(Beginning of Input)

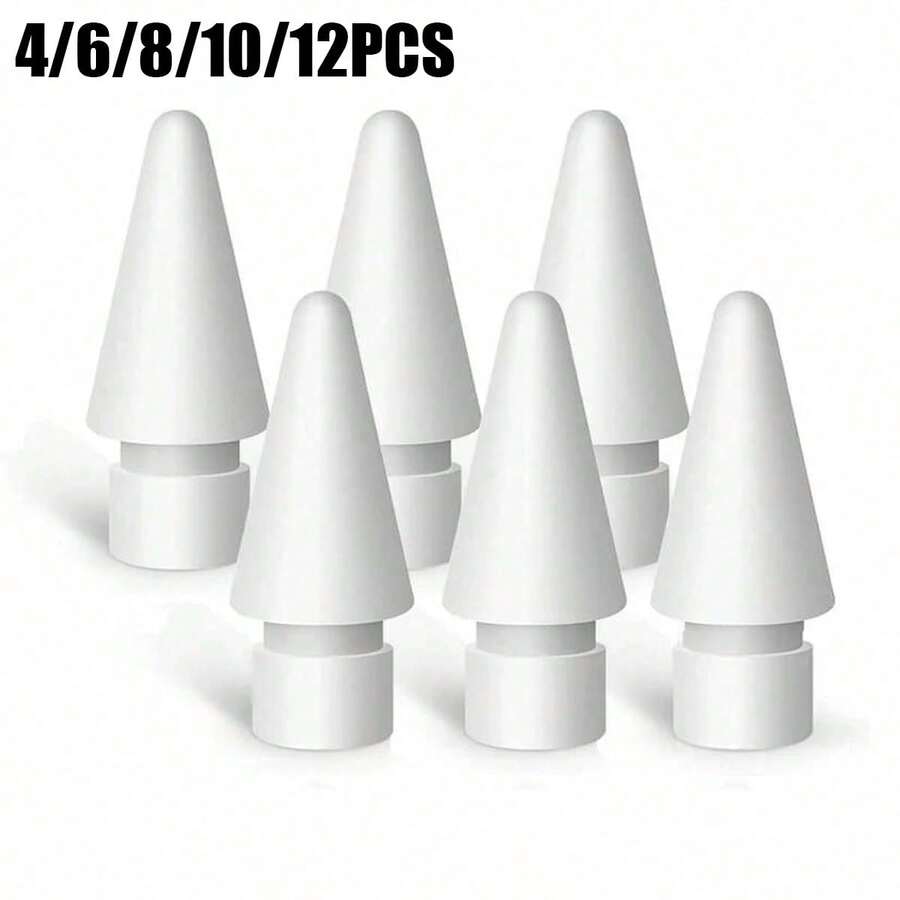 Replacement Tips For Apple Pencil 1st/2nd/Pro Generation, High Sensitivity Replacement Tips, And Precise Control Tips For IPad Pencil (4/6/8/10/12 Pack)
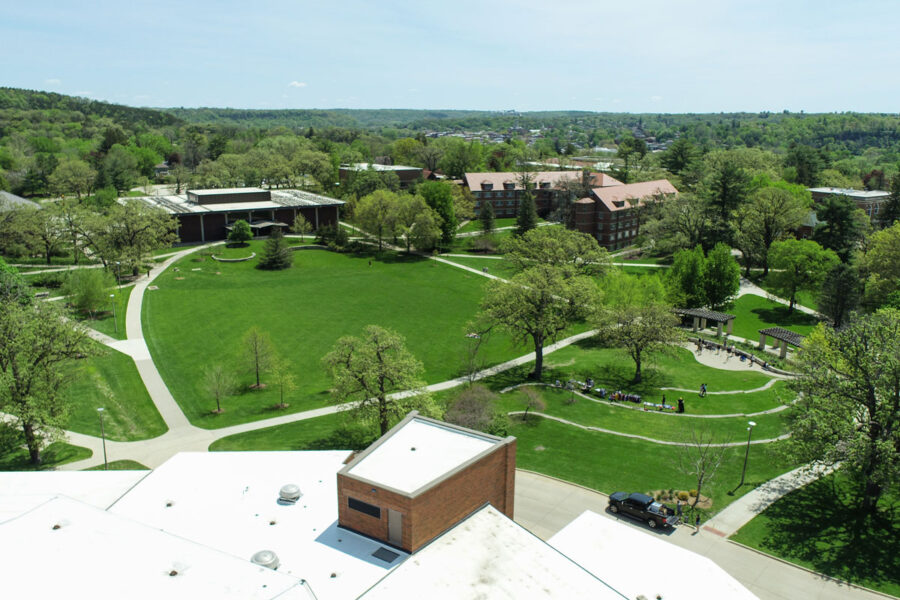 overview of Preus Library Lawn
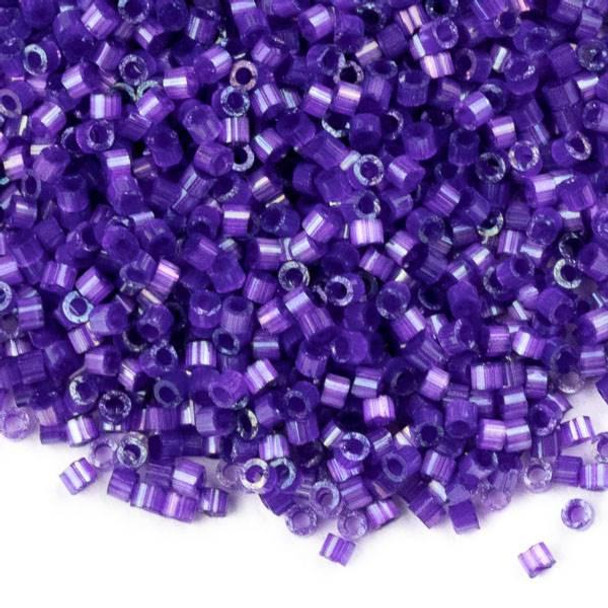  Miyuki 11/0 Dyed Purple Silk Satin Delica Seed Beads - #1810, 7 gram tube 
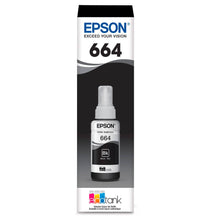 Cargar imagen en el visor de la galería, Botella Epson T644 Negra Tinta T664120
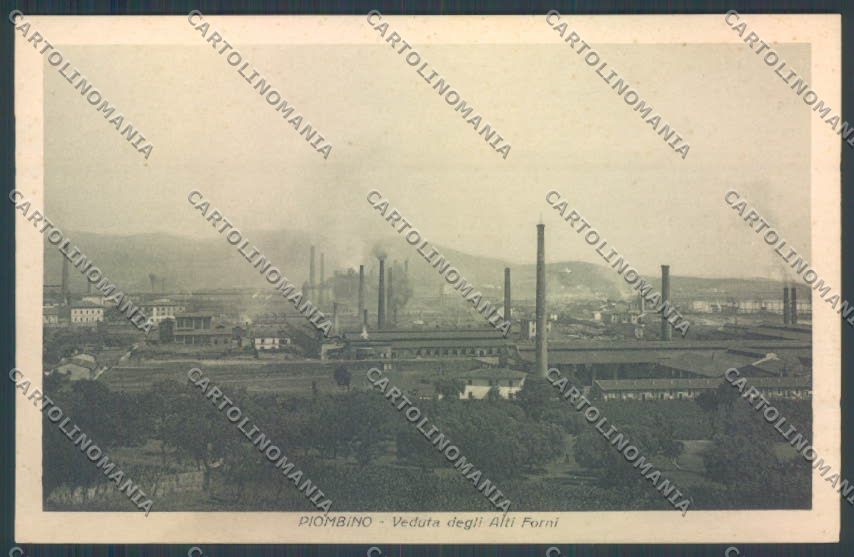 Livorno Piombino Alti Forni cartolina ZB5459 – fronte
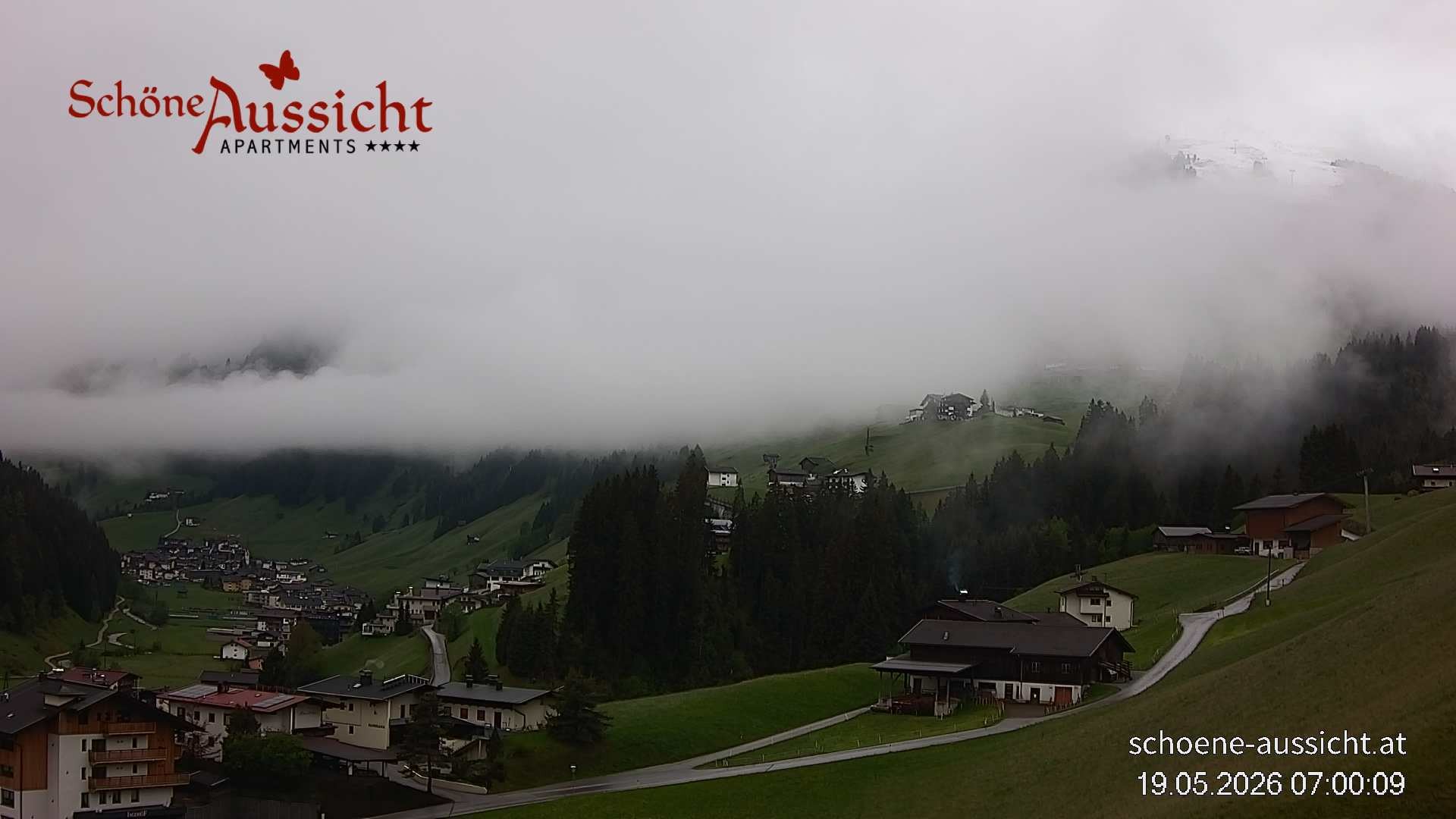 Archiv Foto Webcam Tux Lanersbach - Ausblick Appartements Schöne Aussicht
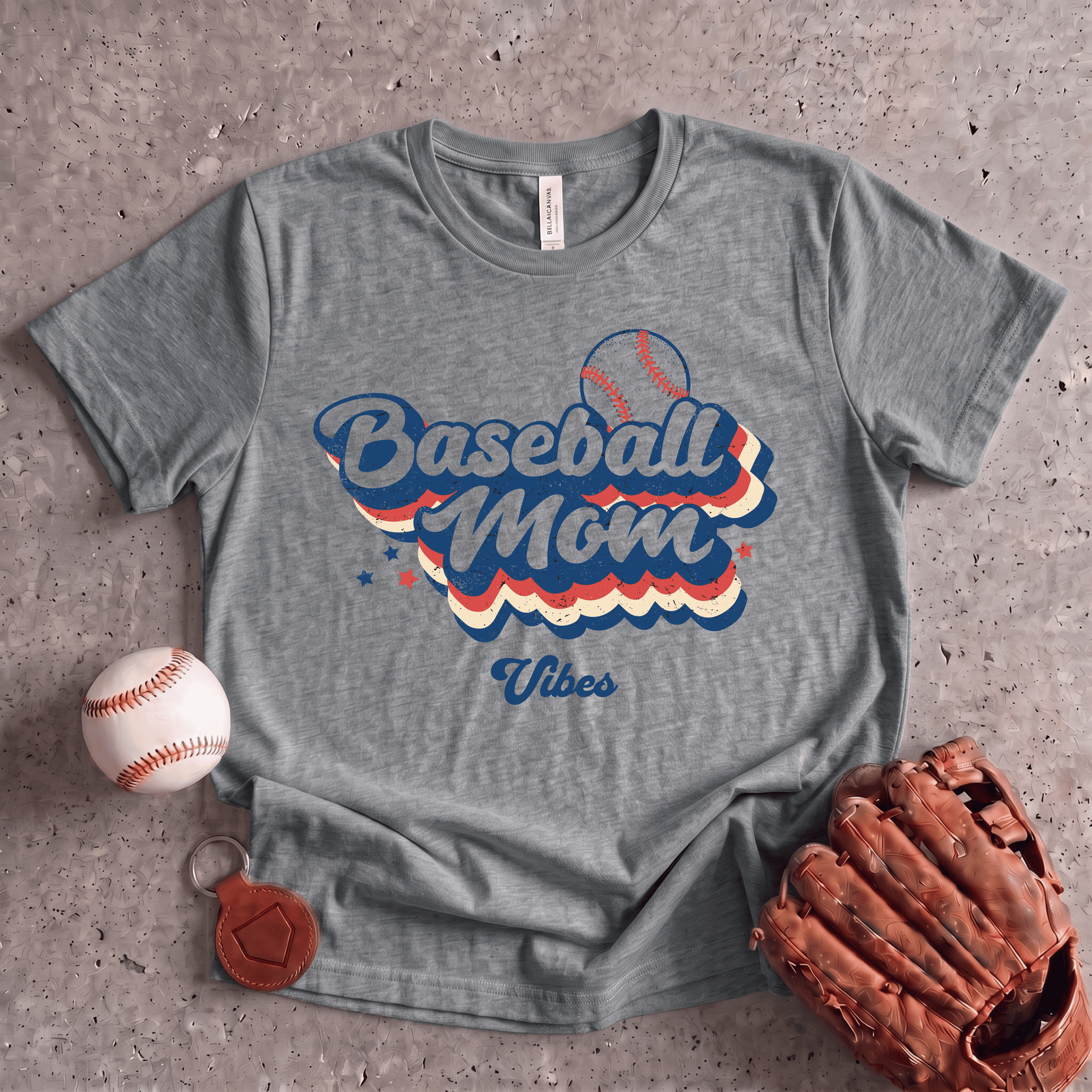 Retro Baseball Mom T-Shirt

(End of Input)

**Work required:** From the first line of the entries above through the line with "Miyuki 11/0 Dyed", set down each line exactly and drop the pictures.

**Written solution:**
 Replacement Tips For Apple Pencil 1st/2nd/Pro Generation, High Sensitivity Replacement Tips, And Precise Control Tips For IPad Pencil (4/6/8/10/12 Pack)
 overview of Preus Library Lawn
  Miyuki 11/0 Dyed Purple Silk Satin Delica Seed Beads - #1810, 7 gram tube 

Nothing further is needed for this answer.